The 10 Biggest Cloud Outages Of 2024

AT&T, Verizon, CrowdStrike and Microsoft are among the companies that experienced major cloud service outages during the last year.

A February AT&T outage that received attention by federal regulators. Issues in September for Verizon customers. And a certain cybersecurity vendor’s update that crashed Windows machines worldwide.

These are among the biggest cloud service outages the world faced in 2024 (as of Dec. 4).

For the list CRN focused on cloud issues of particular importance to solution providers, skipping outages for consumer products including Meta’s Facebook and Instagram, whose March 5 outage ranked as the largest of the year by Downdetector parent Ookla with more than 11.1 million people reporting issues.

[RELATED: 2024 Year In Review]

2024 Cloud Outages

An October report from observability tech provider New Relic, based on a survey of 1,700 technology professionals worldwide, showed that the median annual downtime from high-impact outages was 77 hours, with an hourly cost of up to $1.9 million in lost revenue and productivity and other expenses.

Engineering teams said they devote 30 percent of their time, 12 hours of every 40-hour work week, addressing service interruptions, the report found. Network failure, third-party or cloud provider service failure, and human error were the leading causes of unplanned outages.

“The State of Resilience 2025,” an October report from database vendor Cockroach Labs based on engagement with 1,000 senior technology executives worldwide, found that 84 percent of responders said they lost at least $10,000 in revenue due to an outage in the last 12 months. One third said they lost between $100,000 and more than $1 million.
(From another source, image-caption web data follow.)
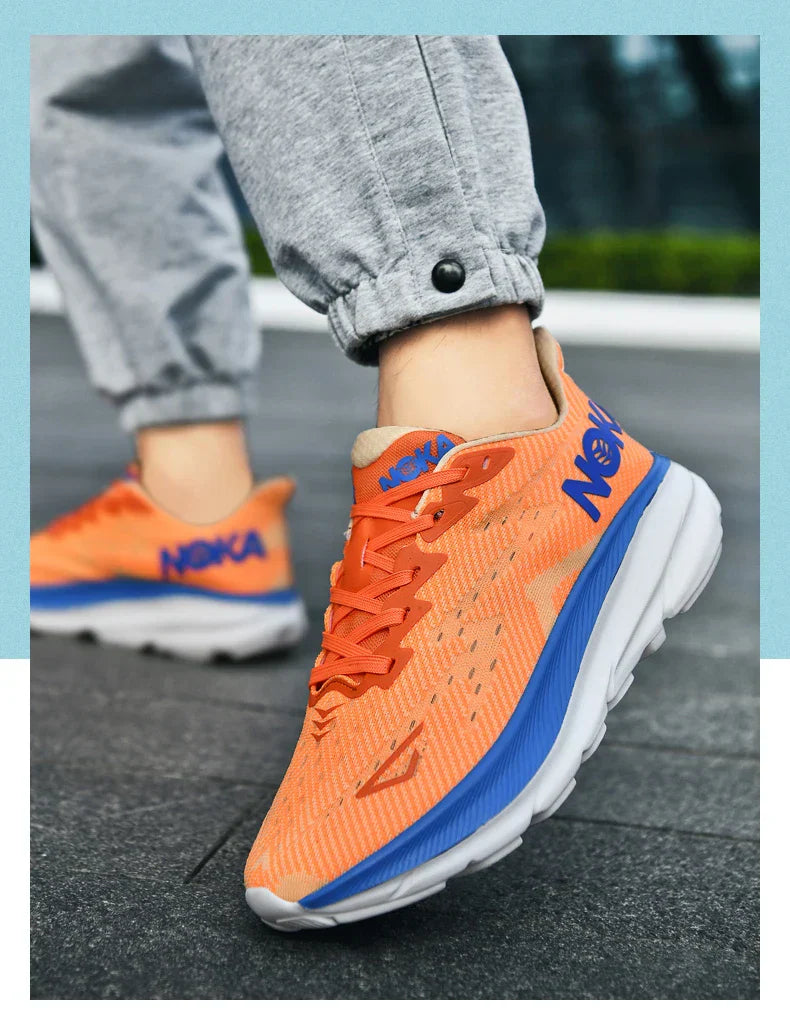 Orange Carbon Plate Air Cushion running shoe with blue accents and ergonomic breathable mesh upper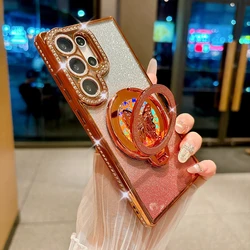 Glitter Butterfly Rotating Bracket Case with Diamond Bling Cover - Galaxy S23 Ultra (OrangeSF)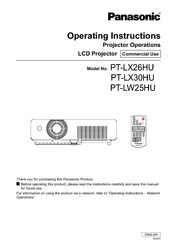 Panasonic PT-LX26HU Operating Instructions Manual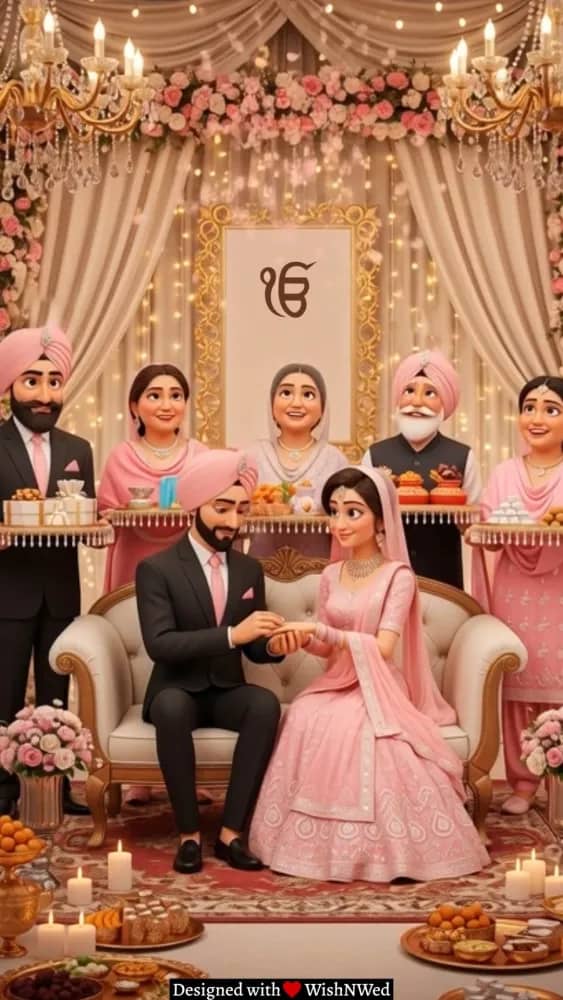 3D Punjabi Engagement Invitation Video - Wedding invitation template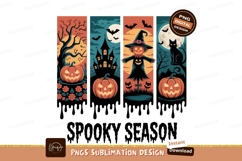 Halloween pumpkins haunted houses bats scarecrow black cat Product Image 1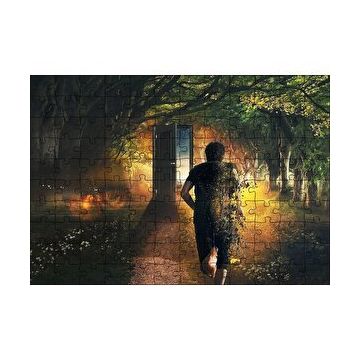 Cakapuzzle Ormandaki Fantastik Kapı ve Adam 120 Parça Ahşap Puzzle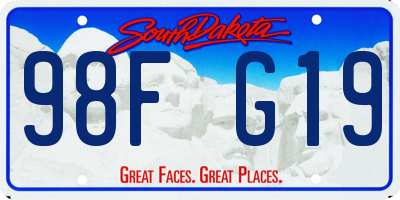 SD license plate 98FG19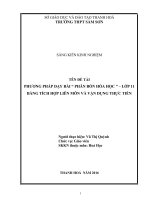 Phương pháp dạy bài phân bón hóa học  lớp 11 bằng tích hợp liên môn và vận dụng thực tiễn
Other CRN Year in Review articles so far include The 10 Hottest Cybersecurity Startups Of 2024, The 10 Hottest Semiconductor Startups of 2024, and The 10 Coolest Open-Source Software Tools Of 2024.

Read on to learn more about the 10 biggest cloud outages of 2024.

Database Upgrade Sinks Jira In January

Atlassian’s start to the year was less than smooth with its Jira project management tool giving users 503 service unavailable messages and other error warnings for about four hours starting at 6:52 UTC (Coordinated Universal Time) on Jan. 18.

ThousandEyes said that Jira services were back to normal operations by 10:30 UTC. The issues hit Jira Work Management, Jira Software, Jira Product Discovery and other services offered by Australia-based Atlassian, according to a ThousandEyes report issued on Feb. 2.

Atlassian attributed the degraded performance for the Jira products family to “a scheduled database upgrade on an internal Atlassian Marketplace service.”

“This degraded performance manifested in increasing response times and eventually time outs,” according to the vendor. “This service degradation then cascaded upstream and resulted in requests timing out across the Jira family of products, impacting product experiences.”

February AT&T Outage Catches FCC Attention

On Feb. 22, AT&T users reported outages for the telecommunications giant’s services, including internet access. Downdetector logged more than 3.4 million user reports from the issue, which lasted more than 12 hours.

On Feb. 25, AT&T CEO John Stankey said in a statement that the outage appeared “due to the application and execution of an incorrect process used while working to expand our network.” The vendor also offered $5 credits to customers affected by the outage.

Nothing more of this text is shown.